I was reading the Linux kernel code for software RAID1 because I was totally bored, and something caught my eye – the ability to prefer to write to certain disks in the array (mdadm –write-mostly). I decided that I was going to find some use for it that was a bit outside the box.
After a little tweaking and configuring I came up with this Evil Plan:
mdadm --create --verbose /dev/md5 --level=1 --raid-devices=3 /dev/ram0 --write-mostly /dev/sda3 /dev/sdd3
This config gives you an array as in the diagram below:
The smart people reading this will probably have figured out by now that what you now have is a RAID1 array that tends to read from RAM and write to disk.
What they may not have figured is what we actually have here is a RAM disk that is mostly* safe on disk in the event of crashes and reboots. The RAM is effectively just a copy of what’s on the disk – but an automatic copy, there’s no manual syncing, it’s handled by the RAID code in the kernel – if something is written it’s marked as dirty and the code will go to the source disk (the one the data was written to until the changes have been synced across).

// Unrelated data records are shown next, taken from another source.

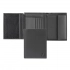 Portfolio Double B Saffiano Grey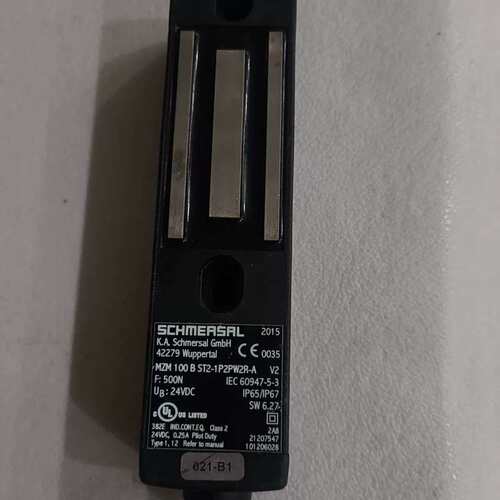 议价施迈赛安全开关MZM 100 B ST2-1P2PW2R-A可维修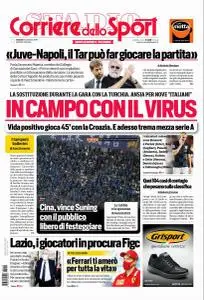 Corriere dello Sport Campania - 13 Novembre 2020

At this point you’re probably wondering what the downsides are. Well firstly on a reboot you lose a disk from the array. I haven’t actually rebooted the server yet so I’m not completely sure how this is going to respond to a reboot – if it’ll say oh hey here’s a blank disk so we can add it to the array or if I’m going to need a boot script to add it back into the array – either way it will automatically sync the data when that’s done – and really on a server you really don’t want to be rebooting too much anyway.
*The other issues is it may not be totally crash-proof all of the time. I can imagine a scenario where you’re write blocked on the two hard disks – and it’ll have to write to the RAM – the data from which will be copied back to the hard disks right when it can be. For that time it could be a little risky if you have a crash at that point. One of the answers is that if you’re tending to write a lot and it’s writing to RAM – add more disks to the array so the code doesn’t block writes to the array.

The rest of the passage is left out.